His hands were full from the start and now he finds himself presenting the city’s first five-year strategic plan, locked into difficult contract negotiations with the police union and proposing water rate increases that total 72% compounded over three years starting this fall if the council agrees. He laid this out while discussing the issues with GraceWay Church men Monday morning.
The last council meeting drew quite a crowd, many concerned about the ongoing union negotiations for police officers and sergeants. Beaudin explained that the city’s goal is to pay at the median level of comparable cities because Pleasanton has plenty to offer that other cities do not.
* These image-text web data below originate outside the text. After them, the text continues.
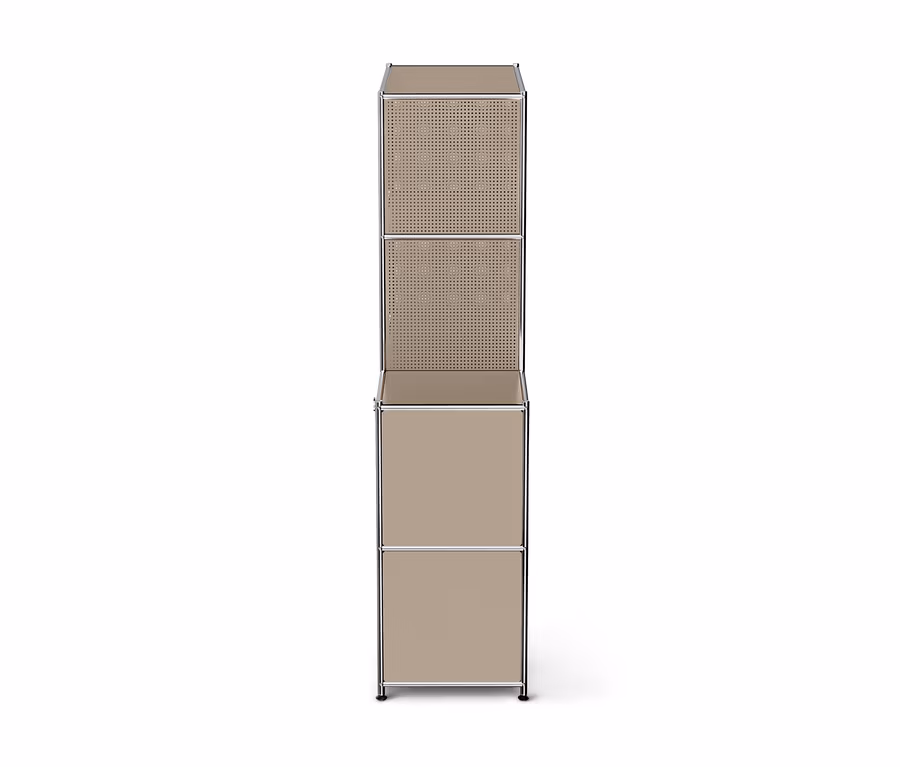 Hoher, modularer Aufbewahrungsschrank mit Chromrahmen und vier beigen Modulen. Die oberen zwei Module haben perforierte Paneele, die unteren zwei haben massive Paneele.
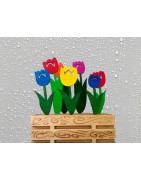 Jardinière de tulipes en bois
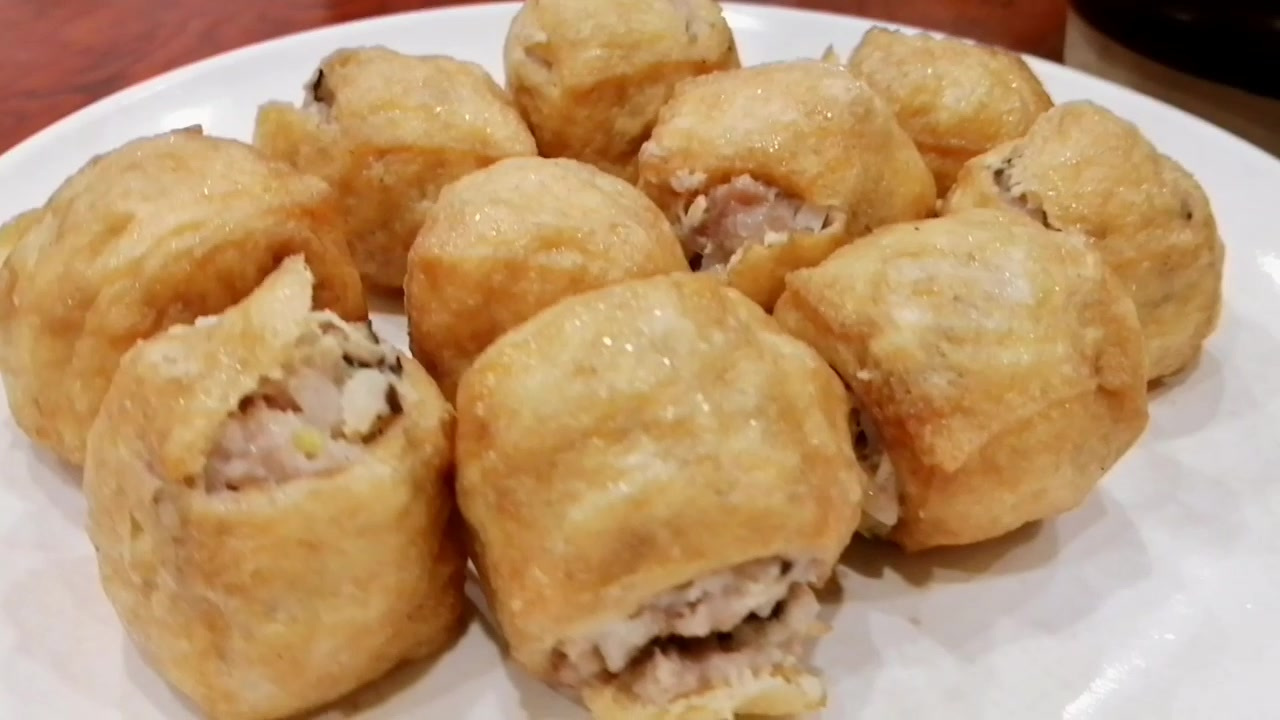 #我家春节的快乐打开方式#  红糟大肠、蛋饺、酿油果、古典鸡,都是我喜欢吃的,也是很多食客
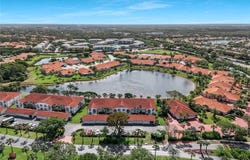186 Gabriel Cir, NAPLES, FL 34104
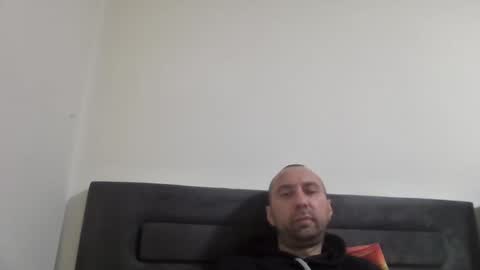 super42835015 online show from 12/27/24, 05:05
Would you rather police in Pleasanton or Oakland or Richmond? Not a hard call unless you’re an action junkie.
Beaudin said the city’s offer totaling $6.6 million is the highest ever offered to the bargaining group—a 15% raise for officer and 18% for sergeants. The city has 475 employees and this agreement covers 75 of them. He is trying to strike the balance between bringing the police up to the median level while not affecting the other 10 city departments. The city spends 24.!% of its $150 million general fund on police services. He said he’s hoping to reach an agreement before the state-mandated fact finding takes place late next month.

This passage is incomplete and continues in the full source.